More important than the Wednesday’s shift from “considerable” were the minutes of the Fed’s December meeting, which describe a “changed assessment” to belief in an improving economy and “substantially reduced” chance for unwelcome disinflation. The key sentence in the minutes: “At some point, a move in the direction of a less accommodative and more neutral posture might be necessary.”

That point is closer now than it was in December, and the Fed’s very precise language frames what is probably a heated debate inside the Fed. At 1 percent Fed funds, the Fed is “easy,” “accommodative,” and stimulating the economy. How much of that accommodation can the Fed withdraw without harming the economy? Where is neutral? How long can the Fed wait to raise its rate to neutral without risking the 60-year bugaboo, an “overheating” economy? Or risking a new financial-market bubble, which of course the Fed insists that it would not try to prevent?

Nobody knows the answers to any of these questions because the economy is in a situation without precedent in the modern, post-WWII era of the Fed. Inflation is too low, and the Fed hopes to encourage the inflation rate to rise within the range of stable prices, from slightly under 1 percent to about 2 percent, but not to 3 percent.
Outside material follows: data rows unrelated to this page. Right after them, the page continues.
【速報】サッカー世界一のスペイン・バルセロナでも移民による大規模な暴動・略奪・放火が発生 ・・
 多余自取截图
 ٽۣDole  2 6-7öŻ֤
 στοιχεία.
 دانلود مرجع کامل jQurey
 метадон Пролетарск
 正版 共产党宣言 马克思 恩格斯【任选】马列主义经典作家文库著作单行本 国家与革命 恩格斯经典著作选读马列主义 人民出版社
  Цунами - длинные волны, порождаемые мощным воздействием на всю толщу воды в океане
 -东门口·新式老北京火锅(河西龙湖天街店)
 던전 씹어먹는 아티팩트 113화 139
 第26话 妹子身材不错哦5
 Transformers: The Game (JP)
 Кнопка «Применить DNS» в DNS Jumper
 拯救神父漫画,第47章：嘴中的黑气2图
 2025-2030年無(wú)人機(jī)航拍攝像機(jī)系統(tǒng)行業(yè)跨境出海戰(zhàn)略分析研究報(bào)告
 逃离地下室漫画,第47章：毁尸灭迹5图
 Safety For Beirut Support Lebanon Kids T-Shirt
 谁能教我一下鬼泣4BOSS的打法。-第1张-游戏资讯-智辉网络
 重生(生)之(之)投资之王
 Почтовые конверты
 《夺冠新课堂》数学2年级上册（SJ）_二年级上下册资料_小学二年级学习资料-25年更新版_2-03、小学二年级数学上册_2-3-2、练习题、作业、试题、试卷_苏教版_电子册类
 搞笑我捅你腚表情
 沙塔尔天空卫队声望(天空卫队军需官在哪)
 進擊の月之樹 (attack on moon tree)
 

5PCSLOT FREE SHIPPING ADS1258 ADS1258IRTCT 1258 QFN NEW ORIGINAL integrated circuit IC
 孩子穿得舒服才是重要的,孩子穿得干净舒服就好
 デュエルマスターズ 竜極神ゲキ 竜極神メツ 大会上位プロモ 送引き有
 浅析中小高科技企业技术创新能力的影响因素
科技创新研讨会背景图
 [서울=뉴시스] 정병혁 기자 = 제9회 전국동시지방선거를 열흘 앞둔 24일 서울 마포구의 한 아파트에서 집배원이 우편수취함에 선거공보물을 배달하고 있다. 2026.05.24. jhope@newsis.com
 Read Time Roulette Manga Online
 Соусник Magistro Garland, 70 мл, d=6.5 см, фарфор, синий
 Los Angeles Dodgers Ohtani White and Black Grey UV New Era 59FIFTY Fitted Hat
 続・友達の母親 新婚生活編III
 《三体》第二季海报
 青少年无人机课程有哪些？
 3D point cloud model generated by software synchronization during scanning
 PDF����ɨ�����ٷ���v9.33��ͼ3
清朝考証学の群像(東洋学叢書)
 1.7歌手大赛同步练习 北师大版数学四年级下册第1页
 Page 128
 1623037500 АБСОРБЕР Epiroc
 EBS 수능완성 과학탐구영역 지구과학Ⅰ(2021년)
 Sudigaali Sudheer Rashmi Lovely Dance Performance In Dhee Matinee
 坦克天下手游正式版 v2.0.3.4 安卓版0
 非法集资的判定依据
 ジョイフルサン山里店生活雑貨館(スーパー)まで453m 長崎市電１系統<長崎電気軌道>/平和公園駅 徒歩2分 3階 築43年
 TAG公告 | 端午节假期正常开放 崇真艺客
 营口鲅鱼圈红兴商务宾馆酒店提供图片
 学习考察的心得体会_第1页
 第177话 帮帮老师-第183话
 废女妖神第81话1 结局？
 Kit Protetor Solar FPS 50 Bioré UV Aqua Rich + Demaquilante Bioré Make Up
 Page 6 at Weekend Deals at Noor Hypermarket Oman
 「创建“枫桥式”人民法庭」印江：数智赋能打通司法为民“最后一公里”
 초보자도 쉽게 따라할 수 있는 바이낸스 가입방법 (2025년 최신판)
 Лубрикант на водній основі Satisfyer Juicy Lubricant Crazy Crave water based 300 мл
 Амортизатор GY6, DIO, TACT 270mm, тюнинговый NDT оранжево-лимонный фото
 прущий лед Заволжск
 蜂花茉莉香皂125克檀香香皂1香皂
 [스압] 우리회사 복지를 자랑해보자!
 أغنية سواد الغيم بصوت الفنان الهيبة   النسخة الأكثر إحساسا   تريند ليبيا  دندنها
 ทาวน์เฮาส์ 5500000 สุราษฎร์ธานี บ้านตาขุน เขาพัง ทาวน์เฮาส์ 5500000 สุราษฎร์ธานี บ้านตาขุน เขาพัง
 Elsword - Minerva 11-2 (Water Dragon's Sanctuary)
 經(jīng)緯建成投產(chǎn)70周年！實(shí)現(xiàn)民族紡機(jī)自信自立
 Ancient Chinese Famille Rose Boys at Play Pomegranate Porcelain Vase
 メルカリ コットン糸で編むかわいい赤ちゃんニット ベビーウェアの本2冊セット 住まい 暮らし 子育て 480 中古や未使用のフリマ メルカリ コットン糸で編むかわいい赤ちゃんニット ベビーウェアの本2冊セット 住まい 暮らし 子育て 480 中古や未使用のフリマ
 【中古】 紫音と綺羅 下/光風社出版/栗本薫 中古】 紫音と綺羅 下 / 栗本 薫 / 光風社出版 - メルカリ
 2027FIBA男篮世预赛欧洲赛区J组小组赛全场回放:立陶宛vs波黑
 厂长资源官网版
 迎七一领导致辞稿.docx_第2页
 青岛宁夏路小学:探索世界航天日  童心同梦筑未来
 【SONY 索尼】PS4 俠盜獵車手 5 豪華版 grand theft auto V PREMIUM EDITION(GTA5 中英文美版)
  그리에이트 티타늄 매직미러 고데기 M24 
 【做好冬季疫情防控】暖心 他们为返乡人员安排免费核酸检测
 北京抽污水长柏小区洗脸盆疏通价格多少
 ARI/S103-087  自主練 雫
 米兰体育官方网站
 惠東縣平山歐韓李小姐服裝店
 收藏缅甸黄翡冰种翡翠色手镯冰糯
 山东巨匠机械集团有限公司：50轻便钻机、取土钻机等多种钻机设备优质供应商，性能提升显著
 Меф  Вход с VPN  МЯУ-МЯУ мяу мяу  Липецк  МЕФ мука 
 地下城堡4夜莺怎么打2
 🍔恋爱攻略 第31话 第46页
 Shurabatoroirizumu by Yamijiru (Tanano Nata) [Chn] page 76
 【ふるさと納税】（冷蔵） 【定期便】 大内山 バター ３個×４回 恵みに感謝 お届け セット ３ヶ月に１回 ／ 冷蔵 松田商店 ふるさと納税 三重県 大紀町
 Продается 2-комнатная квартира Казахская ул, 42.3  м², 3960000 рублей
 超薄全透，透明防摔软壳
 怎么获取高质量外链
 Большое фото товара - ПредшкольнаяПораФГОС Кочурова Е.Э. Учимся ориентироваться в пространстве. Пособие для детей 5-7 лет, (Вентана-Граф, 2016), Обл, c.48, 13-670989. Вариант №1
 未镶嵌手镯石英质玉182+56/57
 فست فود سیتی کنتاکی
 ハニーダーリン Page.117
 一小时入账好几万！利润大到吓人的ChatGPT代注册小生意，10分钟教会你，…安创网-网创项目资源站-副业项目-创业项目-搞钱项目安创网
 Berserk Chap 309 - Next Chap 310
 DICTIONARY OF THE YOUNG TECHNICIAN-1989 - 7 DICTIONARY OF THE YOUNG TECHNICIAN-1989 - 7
What sequence of manipulation of the overnight cost of money will achieve that objective?

We and the Fed will know, when and if we get there.

In this week’s data, the 4th quarter 2003 GDP came in at 4 percent, at least 1 percent less than the general range of optimism. The GDP’s best inflation measure (the personal consumption expenditure deflator) rose at an annualized .6 percent from the prior quarter, down from the prior two, and as low as any since the bubble blew. Orders for durable goods fell by a surprise 5.1 percent in December after the surprise 2.8 percent drop in November. Housing is still strong, and there are anecdotal bright spots in corporate R&D spending, an uptick in help-wanted ads, the well-behaved pace of layoffs, and medium-positive consumer confidence.

Yet, there is a sense of fragility. Stocks are today 250 points off the post-9/11 high set early this week. Values are extreme despite big earnings, the S&P still 20 times forecast. My favorite whipping stock, Amazon, made $35 million in 2003; its $53/share times 429.4 million shares is a market cap of $23 billion. Gold is under $400/oz for the first time since November, down from $425.

The IT revolution has brought unimagined flexibility to American business: we can all run faster without hitting capacity constraints in labor, material or production. Until whole industries run into constraints, competition prevents price increases. All eyes are on job growth (the next play in that roulette comes next Friday morning), but I think jobs are not quite so central.

Prices, prices, prices! The Fed doesn’t dare do much, not until prices themselves begin to move. The Fed dares not take pre-emptive action against inflation for fear it would pre-empt what little inflation there is.